=== RECORDED INFORMATION ===
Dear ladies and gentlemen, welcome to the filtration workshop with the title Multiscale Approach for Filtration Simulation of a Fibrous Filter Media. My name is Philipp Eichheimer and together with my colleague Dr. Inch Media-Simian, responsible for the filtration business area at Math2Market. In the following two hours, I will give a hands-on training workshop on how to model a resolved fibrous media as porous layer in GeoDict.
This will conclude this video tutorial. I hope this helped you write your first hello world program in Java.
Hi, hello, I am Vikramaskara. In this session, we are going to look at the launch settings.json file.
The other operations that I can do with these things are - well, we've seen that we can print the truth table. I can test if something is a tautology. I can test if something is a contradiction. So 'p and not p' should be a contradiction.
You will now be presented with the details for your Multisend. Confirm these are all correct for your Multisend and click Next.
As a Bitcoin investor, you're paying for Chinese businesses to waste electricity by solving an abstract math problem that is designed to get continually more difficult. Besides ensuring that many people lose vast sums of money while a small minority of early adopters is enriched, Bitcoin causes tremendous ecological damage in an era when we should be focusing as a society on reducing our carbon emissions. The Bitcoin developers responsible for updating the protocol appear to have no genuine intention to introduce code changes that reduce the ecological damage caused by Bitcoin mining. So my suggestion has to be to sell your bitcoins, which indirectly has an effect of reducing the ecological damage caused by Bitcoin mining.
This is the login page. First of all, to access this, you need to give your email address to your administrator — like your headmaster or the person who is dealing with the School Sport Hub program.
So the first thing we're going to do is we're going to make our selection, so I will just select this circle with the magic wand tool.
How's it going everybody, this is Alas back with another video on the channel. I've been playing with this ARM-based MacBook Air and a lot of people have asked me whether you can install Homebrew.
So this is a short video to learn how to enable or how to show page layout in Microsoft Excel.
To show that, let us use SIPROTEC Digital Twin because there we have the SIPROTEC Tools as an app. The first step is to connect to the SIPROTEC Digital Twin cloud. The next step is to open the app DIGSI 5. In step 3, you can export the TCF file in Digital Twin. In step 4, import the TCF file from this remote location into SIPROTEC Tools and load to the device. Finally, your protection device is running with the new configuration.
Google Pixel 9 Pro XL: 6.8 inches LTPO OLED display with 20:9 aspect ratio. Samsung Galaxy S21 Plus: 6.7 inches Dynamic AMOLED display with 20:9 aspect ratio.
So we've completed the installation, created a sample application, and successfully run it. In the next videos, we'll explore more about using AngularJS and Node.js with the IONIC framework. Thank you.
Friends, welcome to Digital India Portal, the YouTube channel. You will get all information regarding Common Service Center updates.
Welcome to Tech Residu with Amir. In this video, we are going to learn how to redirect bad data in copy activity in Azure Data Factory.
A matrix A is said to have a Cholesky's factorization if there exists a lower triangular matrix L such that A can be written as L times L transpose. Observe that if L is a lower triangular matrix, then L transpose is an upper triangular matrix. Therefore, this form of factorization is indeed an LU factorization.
===
TASK DETAILS: From the entries, find how many lines contain "these" and give the number alone.

ANSWER TO THE EXERCISE: 2